It can be taken for granted that if the tiger mosquito is present in your place of residence you will already know it from your own experience (its bites are noticeable), but if you want to know if this and other annoying biting insects are acting in the locality where you you are going to spend the next weekend or the summer holidays, the citizen science platform Mosquito Alert provides you with updated data on its new interactive map.
The new map is the only one in our country and in Europe that offers information in almost real time, allows consulting the presence and activity of the tiger mosquito and other mosquitoes of interest from the epidemiological point of view in the different autonomous communities, provinces and municipalities . It currently includes more than 69,500 mosquito reports and 30,000 bite reports, all of them provided by citizens through the Mosquito Alert app and validated by a national and international community of entomology experts.

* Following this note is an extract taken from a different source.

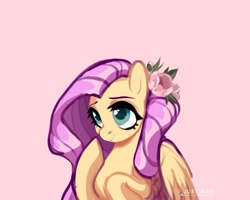 Size: 1511x1207 | Tagged: safe, artist:ijustmari, artist:mari29511905, artist:marichan29, imported from derpibooru, fluttershy, pegasus, pony, colored pupils, cute, female, flower, flower in hair, mare, pink background, shyabetes, simple background, solo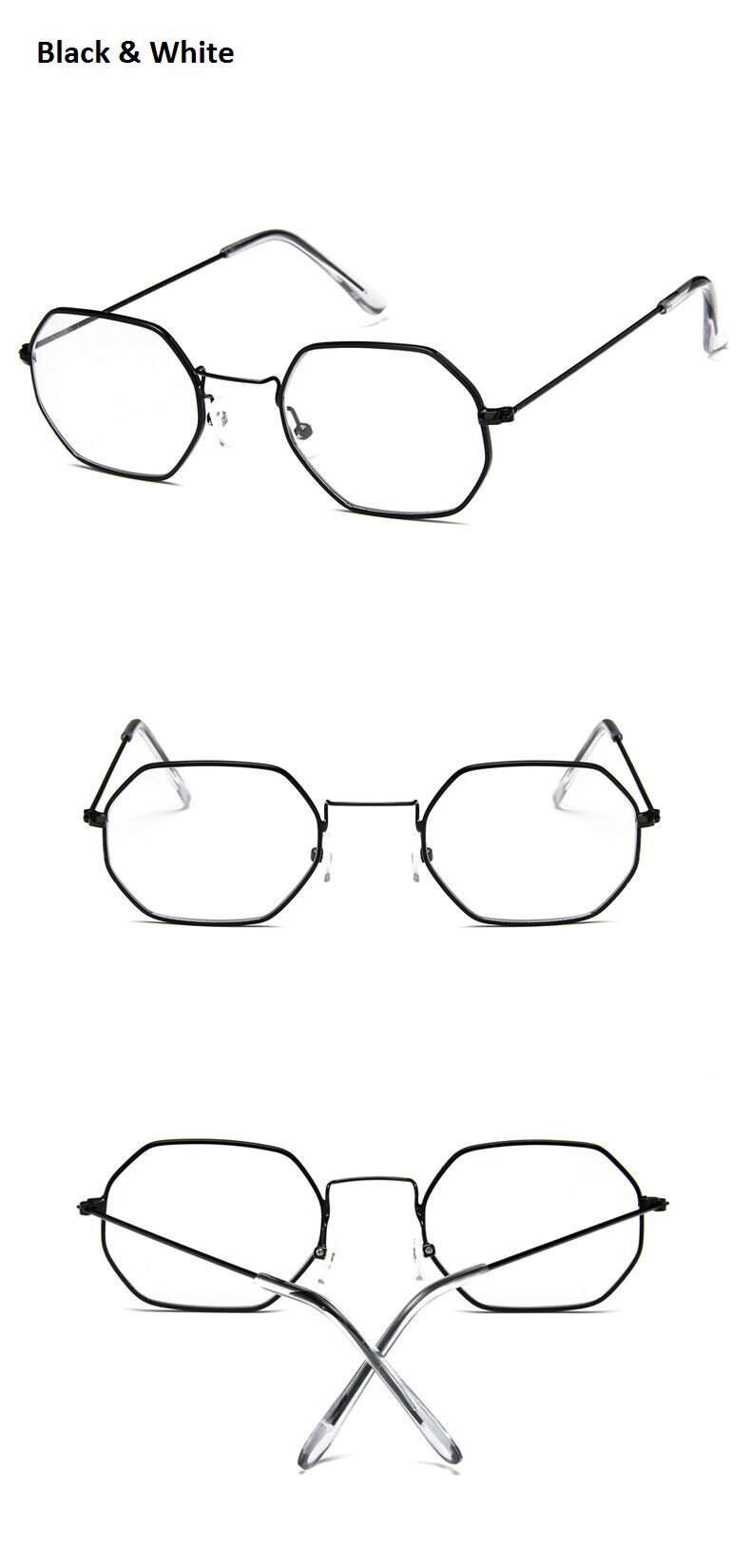 Gafas con montura dorada de aleación hexagonal para hombre y mujer, lentes ópticas Retro clásicas, transparentes, pequeñas: black clear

The new map has been produced within the framework of the Big Mosquito Bytes project, which has the support of the ”la Caixa” Foundation, with the aim of investigating how to combine citizen science with other data sources to predict in real time our exposure to mosquitoes that, due to their ability to transmit infectious diseases, can become a public health problem, and thus anticipate in which places and times an epidemic outbreak of dengue or another of the diseases is most likely to occur What can the tiger mosquito transmit?
The incidence of dengue and chikungunya has increased dramatically in recent decades, with more than 4 million reported cases of dengue in the world in 2022. The current lack of effective vaccines against dengue and other diseases makes prevention and mosquito control the best tools to combat them.
"The photographs taken by citizens help to monitor the spread of the tiger mosquito, while at the same time making it possible to detect the possible introduction of new species, as happened with the Japanese mosquito in Asturias in 2018," explains Frederic Bartumeus, co-director of Mosquito Alert and researcher at the Blanes Center for Advanced Studies (CEAB-CSIC), the institution that leads the Big Mosquito Bytes project, in which researchers from UPF, the ISCIII National Center for Epidemiology, CREAF and the Max Planck Research Institute also participate Demographic, in Germany.
In addition to visualizing the presence of the different species of mosquitoes, you can also check where bites from these insects have been documented, information that experts would not be able to have without citizen participation. The map has a monthly estimate of activity patterns (bites) and the probability of finding each of the study species: the tiger mosquito, the yellow fever mosquito, the Japan mosquito, the Korean mosquito, and the common.
"This is an innovative system that collects and recalculates the data obtained by citizens in real time and combines it with climate and land use data, among other variables. The information obtained by these models makes it possible to better assess the risk of outbreaks of diseases transmitted by mosquitoes, thus enabling better risk management", points out John Palmer, co-director of Mosquito Alert and professor at UPF.
Commitment to citizens in public health matters The new map aims to raise awareness, inform and empower people in the fight against mosquitoes that can transmit diseases. The data offered publicly can be used to facilitate decision-making and public policies: "We want to return to the public the information that they share with us individually; we want people and also management entities to be able to know what mosquitoes there are in their town or city and when they are active," explains Bartomeus.
"We also offer tools so that anyone can learn to identify the different species and take measures, whether it is protecting themselves to avoid their bites or eliminating those places where mosquitoes could breed from their patios and balconies. Citizens can play a key role in the prevention and control of mosquitoes that can transmit diseases", concludes this Mosquito Alert expert.
The new map, which is already available, will be presented to the public during the next CaixaResearch debate organized by the ”la Caixa” Foundation, which will take place on June 21 at 7:00 p.m. Two CSIC researchers will participate in the online event: Frederic Bartumeus, co-director of Mosquito Alert, and Jordi Figuerola Borrás, Research Professor at the Doñana Biological Station, Higher Council for Scientific Research (EBDCSIC).
On the one hand, Bartumeus will explain to the audience the main results of the project that are already available, as well as the results that will be made public between now and the end of the year, which is when the Big Mosquito Bytes project ends. For its part, Jordi Figuerola's team is focused on preventing possible outbreaks of the West Nile virus in Spain, a disease that in 2020 caused 77 serious cases and 8 deaths in Spain, most of them in Andalusia.
Figuerola and his team take mosquito samples every week to check if they have the virus. They determine to which species they belong and relate the circulation of the pathogen with meteorological parameters such as average temperature and rainfall, as well as with infectivity in humans. With this they hope to be able to forecast the risk of transmission based on environmental conditions and the abundance of mosquitoes.